> AIM OF THE EXERCISE:
Beginning with the line containing "Forster's Tern - ML641098246" and going on through the line containing "Acting public protector", the lines below are to be returned exactly, pictures excluded and nothing added.

-- RECORDS FOR THIS TASK follows --

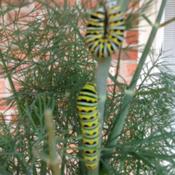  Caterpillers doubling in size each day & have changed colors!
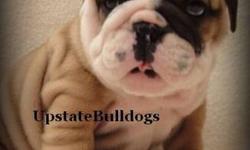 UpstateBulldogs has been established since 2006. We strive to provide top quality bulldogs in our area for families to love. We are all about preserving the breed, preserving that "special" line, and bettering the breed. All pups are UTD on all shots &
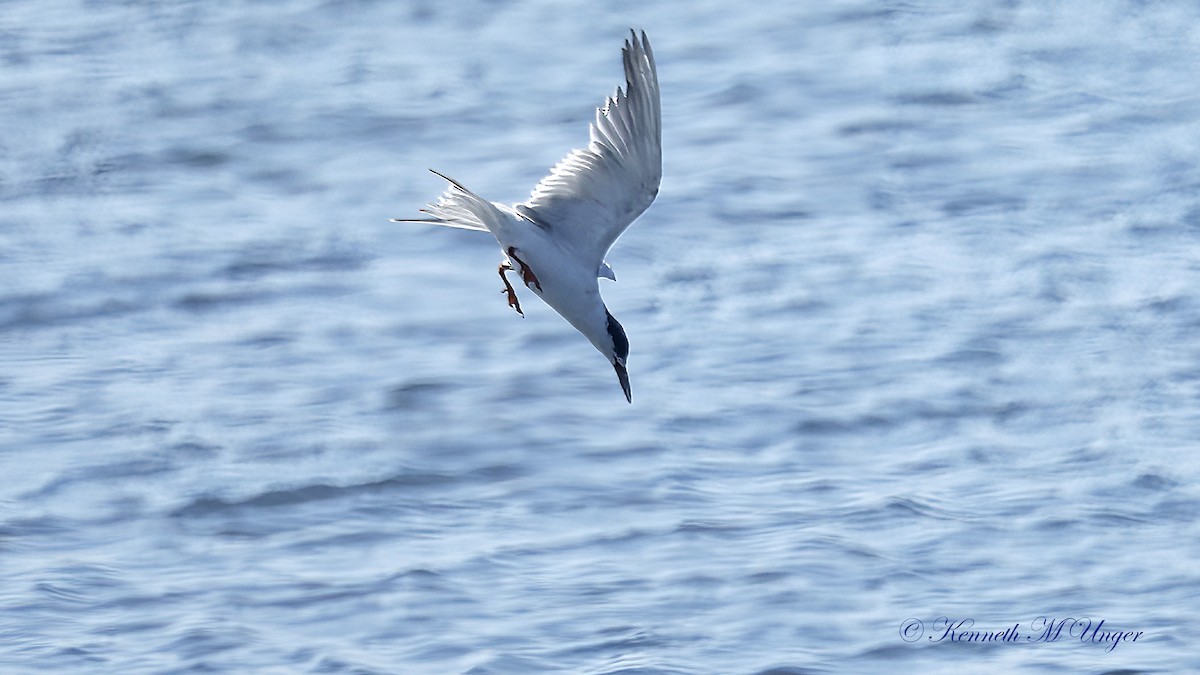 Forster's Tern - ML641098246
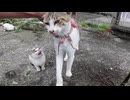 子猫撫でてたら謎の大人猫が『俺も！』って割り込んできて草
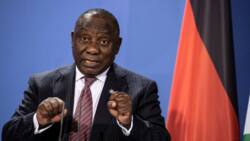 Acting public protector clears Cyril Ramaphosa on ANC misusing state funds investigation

-- RECORDS FOR THIS TASK concluded --
-- RECORDS FOR THIS TASK follows --

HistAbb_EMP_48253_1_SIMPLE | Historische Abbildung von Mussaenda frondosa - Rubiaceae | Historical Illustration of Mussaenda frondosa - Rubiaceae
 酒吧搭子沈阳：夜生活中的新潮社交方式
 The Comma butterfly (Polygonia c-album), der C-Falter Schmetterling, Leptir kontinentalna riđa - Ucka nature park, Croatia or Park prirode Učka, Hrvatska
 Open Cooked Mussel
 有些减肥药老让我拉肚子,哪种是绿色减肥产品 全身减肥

-- RECORDS FOR THIS TASK concluded --

> YOUR RESPONSE:
 Forster's Tern - ML641098246
 子猫撫でてたら謎の大人猫が『俺も！』って割り込んできて草
 Acting public protector clears Cyril Ramaphosa on ANC misusing state funds investigation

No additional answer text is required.